Ok guys, just keep a lid on it.

I think the symlink is the best way of handling the situation. As far as I 
understand it, the symlink used to be there for when glibc was compiled, to 
know what features the kernel supports etc... Since then we have popped out 
"linux-headers" which basically solves this problem, and had you _not_ had to 
compile anything the symlink could point to wherever the hell you wanted.

Now some packages it seems need to find out which kernel they are going to 
have to operate within, and there is no way of finding this out except being 
told (i.e. a symlink to the target kernel to be built for, or some kind of 
variable set before compilation).

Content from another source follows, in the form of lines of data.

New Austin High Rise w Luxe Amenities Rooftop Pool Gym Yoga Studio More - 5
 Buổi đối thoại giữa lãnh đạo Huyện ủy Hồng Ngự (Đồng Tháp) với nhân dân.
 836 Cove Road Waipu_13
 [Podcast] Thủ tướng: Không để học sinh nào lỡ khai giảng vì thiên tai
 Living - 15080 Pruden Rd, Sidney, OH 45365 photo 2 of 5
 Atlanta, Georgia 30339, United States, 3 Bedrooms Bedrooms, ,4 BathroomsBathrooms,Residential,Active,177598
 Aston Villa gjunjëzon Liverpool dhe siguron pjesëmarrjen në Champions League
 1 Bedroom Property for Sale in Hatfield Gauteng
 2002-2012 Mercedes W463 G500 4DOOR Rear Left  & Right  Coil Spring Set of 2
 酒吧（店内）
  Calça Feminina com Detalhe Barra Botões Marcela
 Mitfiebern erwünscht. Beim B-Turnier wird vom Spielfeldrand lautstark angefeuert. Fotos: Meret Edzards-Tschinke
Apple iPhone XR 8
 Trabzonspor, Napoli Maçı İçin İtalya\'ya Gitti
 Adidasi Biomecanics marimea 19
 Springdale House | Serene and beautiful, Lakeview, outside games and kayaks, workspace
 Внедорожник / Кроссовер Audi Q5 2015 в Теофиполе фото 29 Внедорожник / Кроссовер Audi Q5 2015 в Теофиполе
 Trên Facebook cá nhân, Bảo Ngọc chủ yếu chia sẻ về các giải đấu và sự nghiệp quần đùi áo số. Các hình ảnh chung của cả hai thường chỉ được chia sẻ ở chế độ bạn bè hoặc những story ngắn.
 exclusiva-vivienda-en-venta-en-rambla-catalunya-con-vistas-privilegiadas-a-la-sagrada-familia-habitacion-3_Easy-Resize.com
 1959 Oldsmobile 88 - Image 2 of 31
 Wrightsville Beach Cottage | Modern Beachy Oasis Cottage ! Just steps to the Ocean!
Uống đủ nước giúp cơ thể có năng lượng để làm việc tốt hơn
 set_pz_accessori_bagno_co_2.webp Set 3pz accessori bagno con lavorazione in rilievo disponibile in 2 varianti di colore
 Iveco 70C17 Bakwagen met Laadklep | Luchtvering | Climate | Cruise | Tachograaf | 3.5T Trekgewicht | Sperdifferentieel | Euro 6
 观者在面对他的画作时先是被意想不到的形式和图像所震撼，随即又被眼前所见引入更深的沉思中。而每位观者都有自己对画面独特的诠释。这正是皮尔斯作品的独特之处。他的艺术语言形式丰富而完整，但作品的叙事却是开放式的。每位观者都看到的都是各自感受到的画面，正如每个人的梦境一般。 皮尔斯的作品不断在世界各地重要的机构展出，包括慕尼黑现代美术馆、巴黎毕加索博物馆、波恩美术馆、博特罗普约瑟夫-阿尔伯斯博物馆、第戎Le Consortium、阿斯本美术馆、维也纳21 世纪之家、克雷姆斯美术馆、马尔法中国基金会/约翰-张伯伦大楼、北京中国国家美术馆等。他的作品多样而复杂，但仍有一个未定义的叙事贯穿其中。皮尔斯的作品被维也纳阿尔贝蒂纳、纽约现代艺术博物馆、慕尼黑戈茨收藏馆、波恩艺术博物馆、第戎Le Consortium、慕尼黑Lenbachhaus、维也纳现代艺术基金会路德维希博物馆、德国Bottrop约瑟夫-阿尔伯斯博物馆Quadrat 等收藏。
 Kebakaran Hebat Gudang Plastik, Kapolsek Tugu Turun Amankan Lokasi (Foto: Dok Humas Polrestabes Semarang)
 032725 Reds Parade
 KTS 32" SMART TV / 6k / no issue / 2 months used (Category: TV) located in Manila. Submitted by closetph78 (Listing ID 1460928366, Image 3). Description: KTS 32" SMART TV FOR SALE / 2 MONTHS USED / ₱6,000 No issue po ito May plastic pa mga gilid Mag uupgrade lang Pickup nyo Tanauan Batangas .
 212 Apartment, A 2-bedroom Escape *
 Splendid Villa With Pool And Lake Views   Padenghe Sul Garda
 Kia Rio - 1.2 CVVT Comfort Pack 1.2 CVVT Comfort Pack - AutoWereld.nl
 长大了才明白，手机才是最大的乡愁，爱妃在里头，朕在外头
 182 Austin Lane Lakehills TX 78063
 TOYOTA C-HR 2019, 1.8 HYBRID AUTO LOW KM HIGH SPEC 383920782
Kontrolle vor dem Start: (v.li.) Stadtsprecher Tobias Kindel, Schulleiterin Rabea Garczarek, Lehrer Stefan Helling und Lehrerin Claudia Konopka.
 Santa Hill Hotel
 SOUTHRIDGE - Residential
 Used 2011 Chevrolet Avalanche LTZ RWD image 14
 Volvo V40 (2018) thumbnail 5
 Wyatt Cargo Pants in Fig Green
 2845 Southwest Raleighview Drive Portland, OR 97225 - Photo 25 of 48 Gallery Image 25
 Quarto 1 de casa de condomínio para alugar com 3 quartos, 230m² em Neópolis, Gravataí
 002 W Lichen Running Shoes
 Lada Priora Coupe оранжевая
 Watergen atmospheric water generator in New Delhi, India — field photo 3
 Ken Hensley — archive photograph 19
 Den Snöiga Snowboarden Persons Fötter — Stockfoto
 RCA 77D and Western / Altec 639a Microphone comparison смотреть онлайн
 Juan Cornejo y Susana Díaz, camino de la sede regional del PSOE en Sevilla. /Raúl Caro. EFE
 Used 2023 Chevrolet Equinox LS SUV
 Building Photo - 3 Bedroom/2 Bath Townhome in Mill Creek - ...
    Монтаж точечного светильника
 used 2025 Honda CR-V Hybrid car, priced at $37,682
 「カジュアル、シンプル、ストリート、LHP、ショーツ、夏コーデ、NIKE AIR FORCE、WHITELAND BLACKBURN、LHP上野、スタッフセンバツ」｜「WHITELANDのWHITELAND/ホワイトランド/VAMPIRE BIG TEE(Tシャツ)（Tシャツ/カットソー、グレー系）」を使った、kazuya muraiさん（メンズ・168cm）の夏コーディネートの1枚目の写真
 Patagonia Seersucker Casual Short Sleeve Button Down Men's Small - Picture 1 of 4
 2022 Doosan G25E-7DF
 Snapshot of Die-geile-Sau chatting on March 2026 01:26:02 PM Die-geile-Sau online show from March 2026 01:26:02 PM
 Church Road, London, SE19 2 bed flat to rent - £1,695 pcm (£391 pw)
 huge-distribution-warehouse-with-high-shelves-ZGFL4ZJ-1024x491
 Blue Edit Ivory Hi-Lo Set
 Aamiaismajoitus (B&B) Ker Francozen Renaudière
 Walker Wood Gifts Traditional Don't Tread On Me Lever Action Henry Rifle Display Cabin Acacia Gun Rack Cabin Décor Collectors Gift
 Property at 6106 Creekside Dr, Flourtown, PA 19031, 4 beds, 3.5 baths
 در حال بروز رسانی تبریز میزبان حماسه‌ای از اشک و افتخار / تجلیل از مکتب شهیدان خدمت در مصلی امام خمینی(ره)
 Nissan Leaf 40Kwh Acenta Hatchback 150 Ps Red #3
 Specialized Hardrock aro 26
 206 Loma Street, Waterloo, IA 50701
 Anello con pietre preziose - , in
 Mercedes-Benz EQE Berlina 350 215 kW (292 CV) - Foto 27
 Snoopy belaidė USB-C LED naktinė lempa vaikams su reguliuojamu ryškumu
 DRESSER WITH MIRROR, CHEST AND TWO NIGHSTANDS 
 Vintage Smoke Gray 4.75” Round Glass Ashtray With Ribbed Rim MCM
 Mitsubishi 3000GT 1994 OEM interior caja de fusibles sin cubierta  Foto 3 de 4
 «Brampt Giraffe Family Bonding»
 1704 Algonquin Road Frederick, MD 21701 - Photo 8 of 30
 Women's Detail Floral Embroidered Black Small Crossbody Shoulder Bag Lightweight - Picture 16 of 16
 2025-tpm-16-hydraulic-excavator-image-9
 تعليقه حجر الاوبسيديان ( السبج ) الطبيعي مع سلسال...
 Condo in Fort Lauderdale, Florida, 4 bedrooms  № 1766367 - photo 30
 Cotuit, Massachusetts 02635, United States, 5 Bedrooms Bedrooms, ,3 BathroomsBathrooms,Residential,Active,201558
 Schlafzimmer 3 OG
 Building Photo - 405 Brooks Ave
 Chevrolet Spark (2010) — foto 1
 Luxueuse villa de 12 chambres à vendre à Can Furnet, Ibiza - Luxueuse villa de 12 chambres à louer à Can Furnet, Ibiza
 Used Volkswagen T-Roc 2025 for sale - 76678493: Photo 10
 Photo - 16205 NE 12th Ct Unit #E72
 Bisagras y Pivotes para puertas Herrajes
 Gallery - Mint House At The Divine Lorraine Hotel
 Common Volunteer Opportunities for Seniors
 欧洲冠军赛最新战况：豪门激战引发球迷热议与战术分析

I honestly think the symlink is the best 
way of doing this and the env variable just complicates things.

The reason kernel modules cannot link to the "linux-headers" sources is 
because they are not the running sources. If linux-headers didnt exist, every 
time your recompiled your kernel you would have to recompile half your system 
(as I understand it).

Also, the reason Linux told people to do all those three steps were because 
that some _broken_ distros were using the /usr/src/linux symlink to build 
glibc against and therefore breaking glibc when the kernel was upgraded. He 
quoted that method because, even though it may not be the best method, it 
works with most (even broken) distros. 

If the /usr/src/linux symlink was not pointing to the current linux sources, 
you would need to merge kernel related packages _after_ reboot. So when you 
are installing you would need to boot into your own kernel to build, say, 
network card drivers. Chicken and egg, cant fetch pcmcia-cs to install your 
network card.

And by the way, the symlink is NOT obsolete, because there has been no better 
method to address this situation.

Thanks,
Chris.
-- 
            It is easier to fix Unix than to live with NT.